The two bicyclists found “an old run-down, horrible warehouse” on the Southside for their brewery. “When we got here, it was all barbed wire and fences, with concertina wire on the top all the way around,” Moore recalls. “It was still pretty rough to be here at night.” It took about two years to transform the space into a brewery. They incorporated several elements of the site’s original character, including street art style and that wire-topped fence, which now separates the taproom and the brewery.
“About 95 percent of it was done by us and a bunch of friends,” reveals Moore. Hill, who has experience as a mechanic and welder, created the bar and all the metalwork. Moore added most of the taproom’s graffiti, drawing from his art school background in graphic design. “I love to paint,” he confides. “I’m a wannabe modern impressionistic painter … I love that freedom.”
An artist at heart, Moore takes a novel approach to inventing new recipes at the brewery. “I think about the color of the beer first. That to me is really, really important. You taste food visually, and beer is no different to me.”

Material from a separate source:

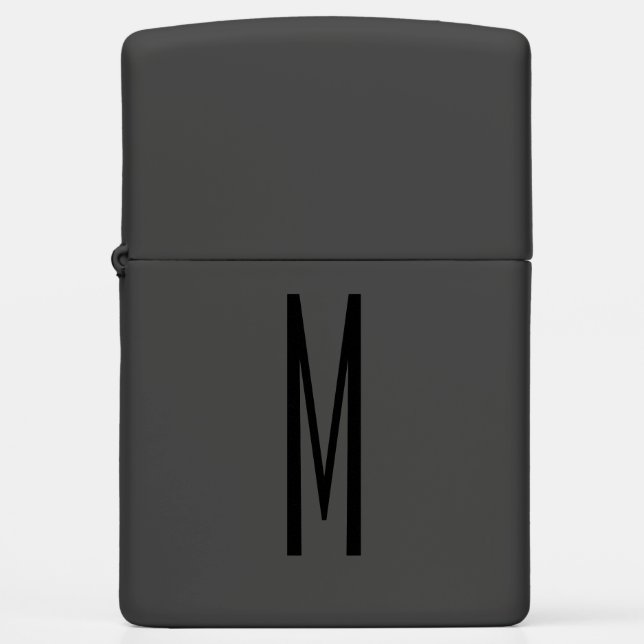 Modern Black Large Monogram Masculine (Voorkant)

But Moore’s not the only one who’s coming up with recipes. Unlike most breweries, HopFusion doesn’t have a brewmaster. Brewmasters typically “dictate the style or recipe that’s going to be created, and then the brewers go create that. Here we don’t do that … everybody has an input,” he explains. “Everyone has their own style that they like to brew or drink,” from the bartenders to the workers in the back. Even Moore and Hill have very different tastes in beer: light and fruity versus dark and strong. “It keeps things really diverse … I think that’s very unique, and that makes us what we are.”
This fusion of different ideas and the connection of different people form the core of the brewery’s identity. “Craft beer for us is the people that work here, who are frickin’ amazing,” Moore says. “They care about this place almost as much as we do … they’re the biggest part of it.” Taproom guests are connected too; the brewery’s “open kitchen” design reveals the beer chefs at work in the back — if they’re not already in the bar pouring pints. “In most cases, the person telling you about that beer is the person who made that beer.”

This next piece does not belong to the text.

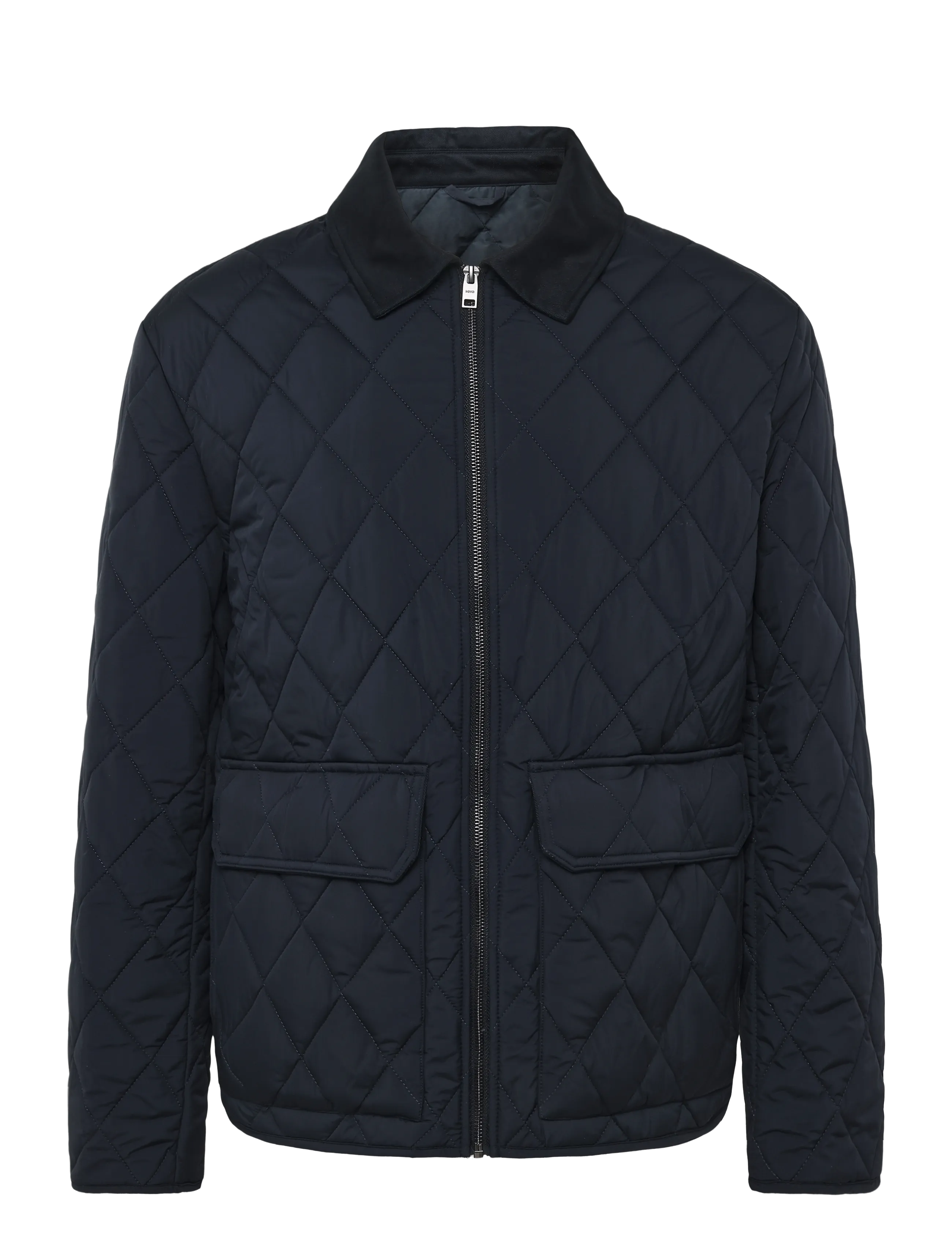 Mango - Quilted water repellent jacket - höstjackor - dark blue - 1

Many times, it’s Moore himself. And some of his favorite customers are the ones who say they don’t like beer. “I absolutely love that … I’ll take them to the end of the bar, and we’ll go through everything. I’ll take them in the back and show them how we make it.” He lines up dozens of samples and mixes beers together until they find the right style. “We’ll figure out what works … that to me is the coolest thing.”
The taproom launches a new limited-release brew every Thursday, like the banana pudding beer (a collaboration between HopFusion, Martin House, Ellerbe Fine Foods and the Fort Worth Food & Wine Festival). On Fridays and Saturdays, beer drinkers will find live music and a new infusion to try. From beer yoga to board game nights and kettlebell workouts to karaoke, there’s always something going on at this Southside hangout. That includes the rapid growth of their neighborhood, where dozens of new businesses are opening up — including new bars and breweries.
“We welcome that. We help them,” Moore says. “Beer begets beer. Have a beer here, walk up the street, have a beer, walk over to Collective, have a beer, go to Rahr … it’s a destination.” Even more than a destination, Fort Worth’s craft beer scene is a community and a home for Macy Moore. “It’s my world.”
Martin House Brewing Company
What’s new? That’s the question Cody Martin kept hearing from the customers who drank his beers and the bars that served them. They constantly wanted something new — so Martin House Brewing Company gave it to them, launching a deluge of microseasonals.
“We’ll make 150 recipes this year,” says 36-year-old Martin, the brewery’s co-founder and head brewer. “That’s something no one else has even come close to doing.” Every six weeks, Martin House produces five new microseasonals that are canned, kegged and distributed throughout Texas. They also invent another one or two new recipes to serve in their taproom, plus a few more test batches just for fun. “We’re really branching out and doing stuff we’ve never done before.”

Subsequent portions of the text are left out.